95. But the preamble does have important legal effects. Under normal circumstances, preambles can be used to identify the purpose of a statute, and also as an aid to construing ambiguous statutory language... The preamble to the Constitution Act, 1867, certainly operates in this fashion. However, in my view, it goes even further. In the words of Rand J, the preamble articulates "the political theory which the Act embodies"... It recognizes and affirms the basic principles which are the very source of the substantive provisions of the Constitution Act, 1867. As I have said above, those provisions merely elaborate those organizing principles in the institutional apparatus they create or contemplate. As such, the preamble is not only a key to construing the express provisions of the Constitution Act, 1867, but also invites the use of those organizing principles to fill out gaps in the express terms of the constitutional scheme. It is the means by which the underlying logic of the Act can be given the force of law.

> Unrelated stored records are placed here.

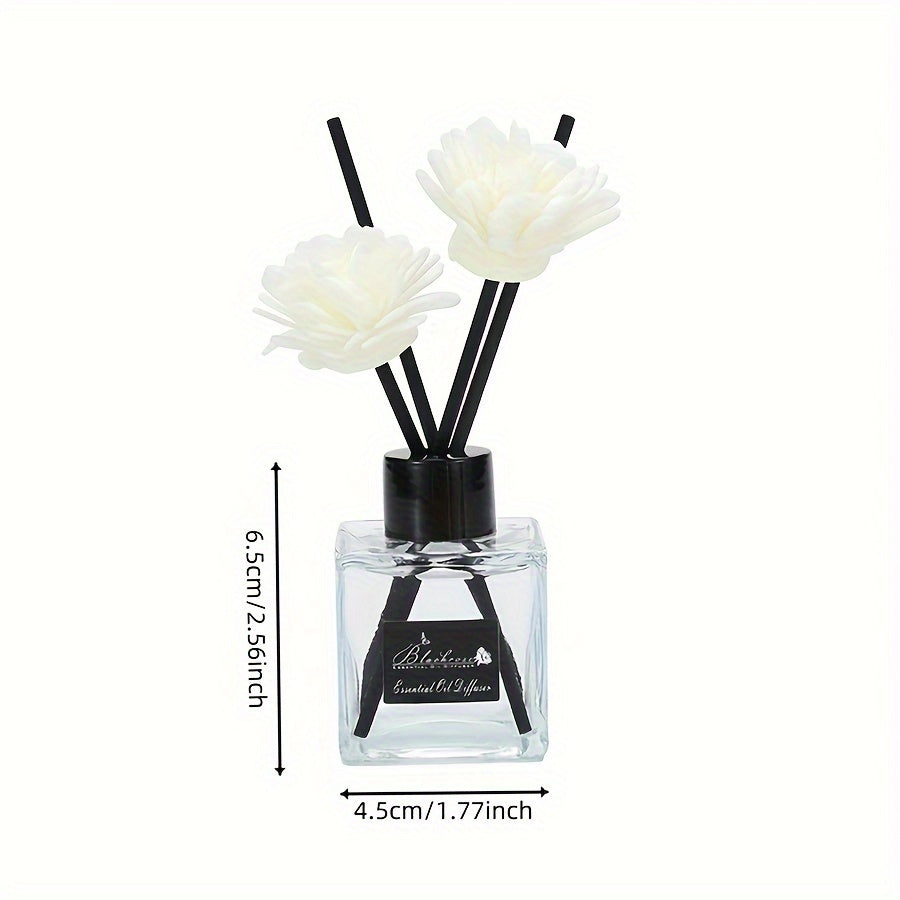 50ml Large Flameless Aromatherapy Diffuser with Reeds in Transparent Glass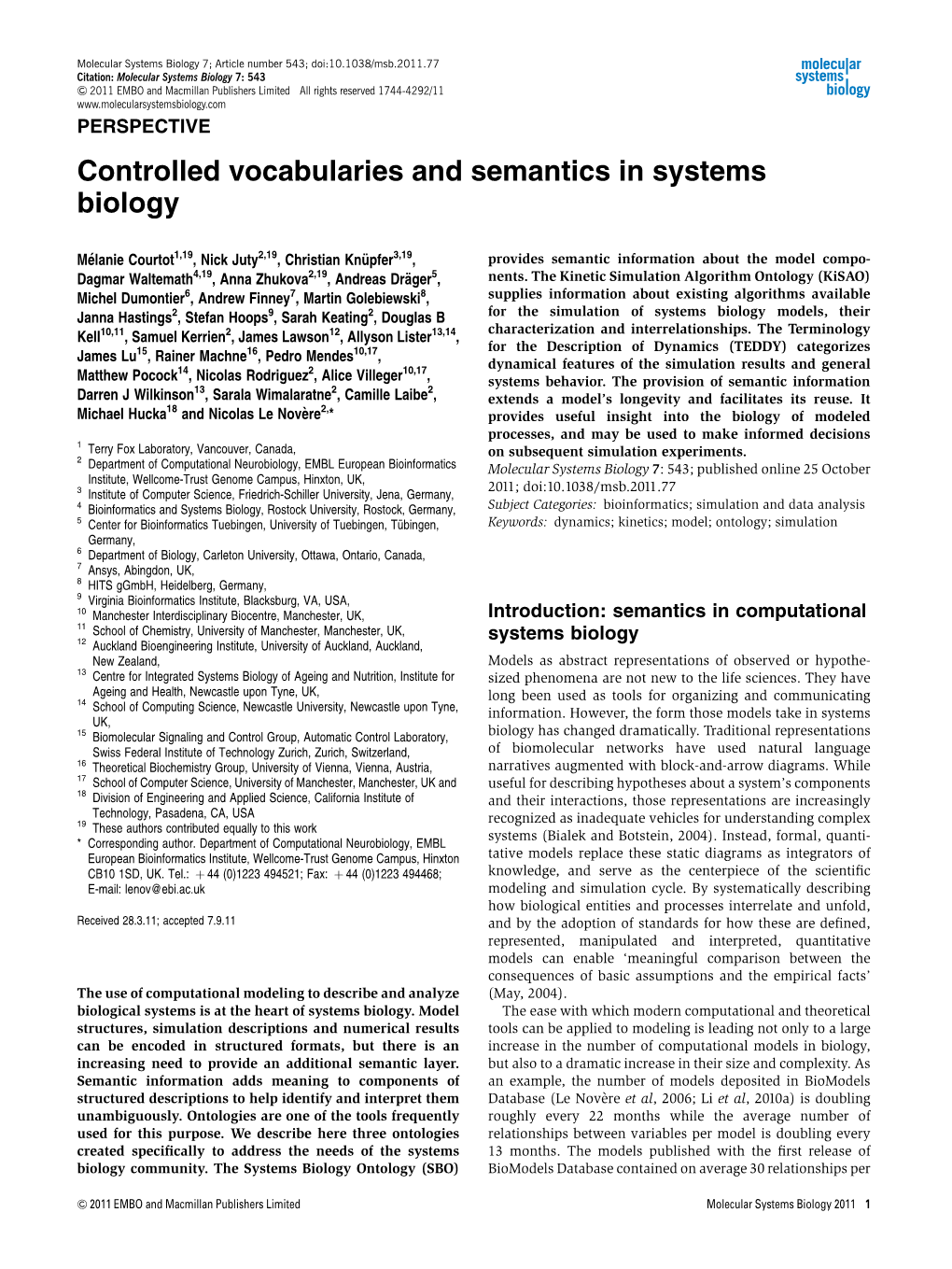 Controlled Vocabularies and Semantics in Systems Biology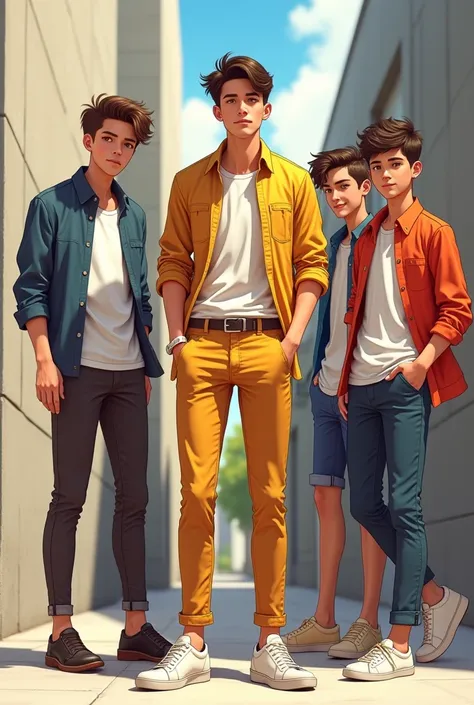 A 2 skinny guy wearing lapel style half sleeves shirt in and the chino style pants standing in day light near the walls looking attractive with many 3 boys friend in the different colours combinations 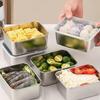 Stainless Steel Crisper Fresh-keep Food Container Rectangle Picnic Bento Tray Refrigerator Freezer Storage Box Restaurant Plate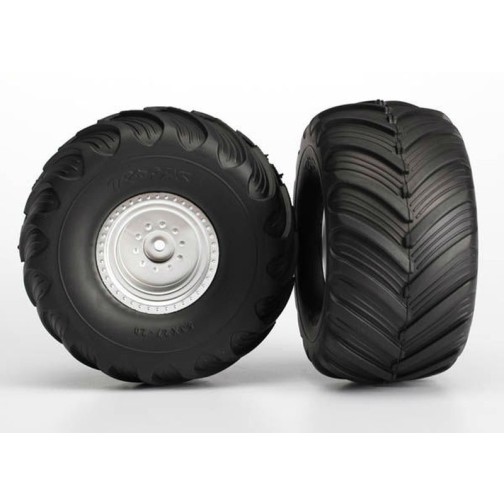 Traxxas 3665 Tires & wheels, assembled, glued (satin chrome wheels, Terra Groove dual profile tires, foam inserts) (nitro rear/ electric front) (2)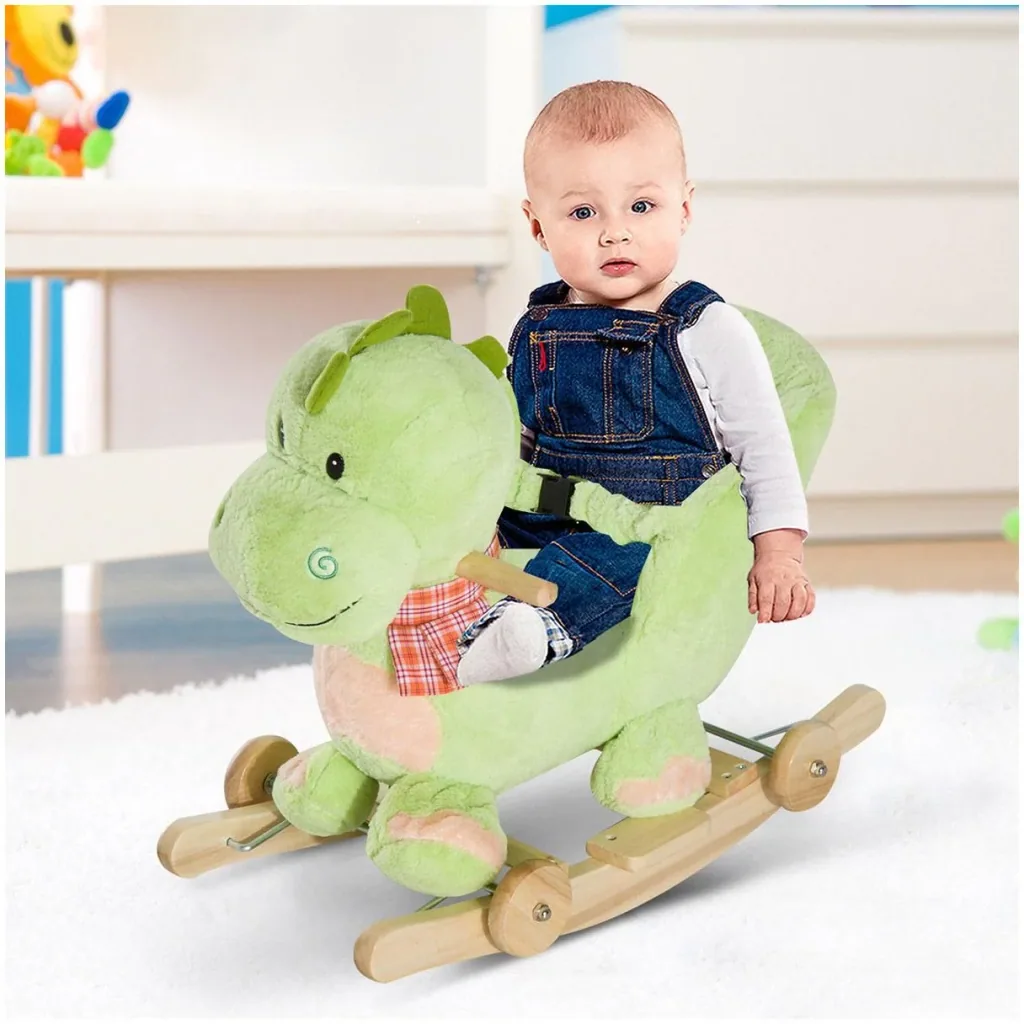 Schaukeltier Drache mit Rollen Musik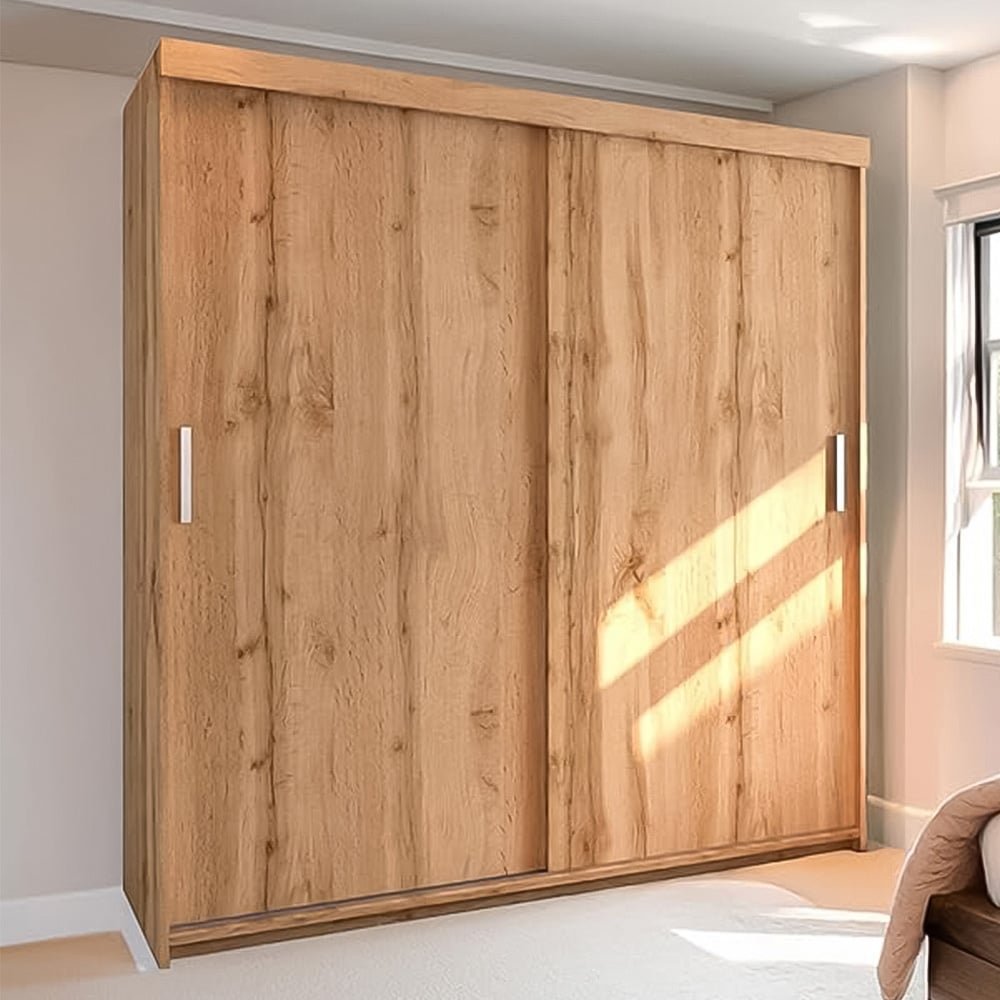 Lexy 203cm Votan Oak 2 door sliding wardrobe with light handles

The ideas outlined in Provincial Judges were developed further in the Reference re Secession of Quebec. Together, these two cases have been interpreted to expand the reach of unwritten constitutional principles. The 1867 preamble and the Canadian Constitution (including its newer addition, the Charter) are read as a unified whole. The express provisions of the constitution elaborate underlying, organizing principles. These unwritten principles can shape "a constitutional argument that culminates in the filling of gaps in the express terms of the constitutional text" and that in "certain circumstances give rise to substantive legal obligations" that "are binding upon both courts and governments".

In Toronto (City) v Ontario (Attorney General), the Supreme Court held that unwritten constitutional principles could not serve as an independent basis to strike down legislation.